THIS is my complaint, not you Princess, you're to be commended for your concern, devotion and sacrifice for your son.

That is a hard thing to do to fight like that for your child, fight the courts, fight an ex, and rack up a debt that needs to be paid.

Believe me I sympathize with you, I tho am on the same level as Home, I too am tired of the "Stay-at-Home' mother being poo-poohed and denigrated and looked down upon in a snotty way.

Those that told you that your son should be taken away from you should have been slaped hard (backhanded-wise) for what they said to you.

They were busybodied snoops trying to run your life when it wasnt their business.

Made me mad hearing that as it was.

I tho came from a household that HAD a 'stay-at-home' mother, and I truly feel I was better off for it, can this be had always? no but its something to strive for, and work to find a way to achieve in whatever way you possibly can get.

With you Princess you make the most of your time with your son, whereas many parents dont even bother involving themselves in their kids lives at all, you are to be commended for your dedication to your son even if it is a few hours a day At LEAST you make the most of it when you get the time and I am Very certain your son realizes this, You LOVE your son and that isnt lost on your child.

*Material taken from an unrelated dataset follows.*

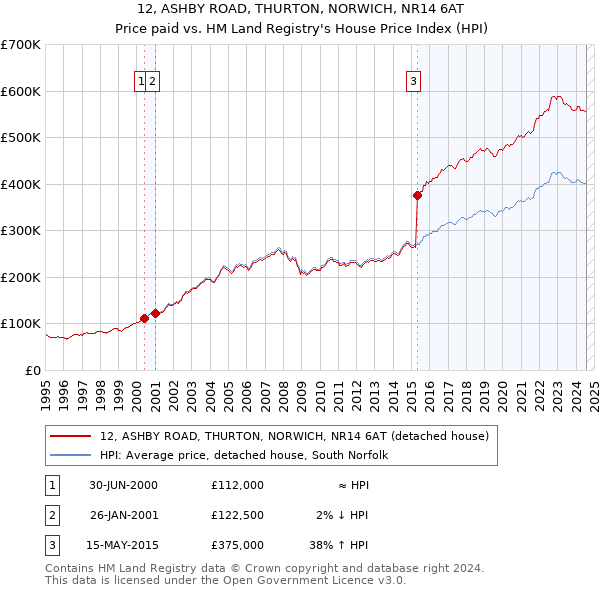 12, ASHBY ROAD, THURTON, NORWICH, NR14 6AT: Price paid vs HM Land Registry's House Price Index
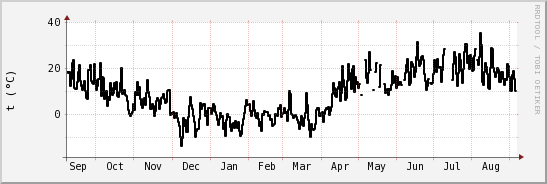 wykres przebiegu zmian windchill temp.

The biggest bitterest thing I cant understand is, people marry, have kids then shove em off to day care or nannys when they truly could afford to take the time to take care of their kids themselves.

These people are more interested in 'keeping up with the jonses' than bothering with taking time to involve themselves in their kids lives, then when their kids get screwed up because there isnt any parental influence in their lives they wonder what went wrong.

Now THIS is the one complaint I have.

Not those in your position Princess.

Not everyone can achieve the 'ideal' nuclear family, but people like you strive to achieve it and strive to do their very best to love, and be involved in their children the best way they possibly can.

Kids dont miss that, they dont miss that one bit and the ones whose parents may not always be there but do their level best to involve themselves and make the most of the little time they have with them Realize and know this, the ones whose parents arent interested in getting involved in their lives and shuffle them off to nannys or day care Realize their parents love and devotion isnt there.

There's a HUGE huge difference here.

I hope this makes sense to you Princess, this isnt a condemnation of you and your two parent working household.

Not everyone can achieve that 'model' nuclear family withthe Stay-at-home' mother thing.

Some of us are too bloody poor because of divorce, death of a spouse or other chance & circumstances to be able to do such a thing, but as long as you TRY thats what matters and thats what makes YOU a better parent than the ones that shuffle their kids off to day care or nannys.

Peachdiane
10-04-2005, 05:11 PM
So there are zealots on both sides of the issue.

Sure are!!!

When I was trying to get myself and the boys out of domestic violence, I was BOMBARDED by my (now ex), his family, and his church, who kept telling me God hates divorce and every child needs a mom AND dad.

That logic is seriously flawed when kids are hurting emotionally and physically. That's like telling a mom she must stay married even though dad is raping their little girl or telling a dad he must stay with his wife even though she is mistreating him and beating the kids. Gah!

I don't know TechnoP but if she's like me, it was hard enough to get out of a bad situation with limited funds and threats, not to mention having to put up with the ex playing dirty at every turn.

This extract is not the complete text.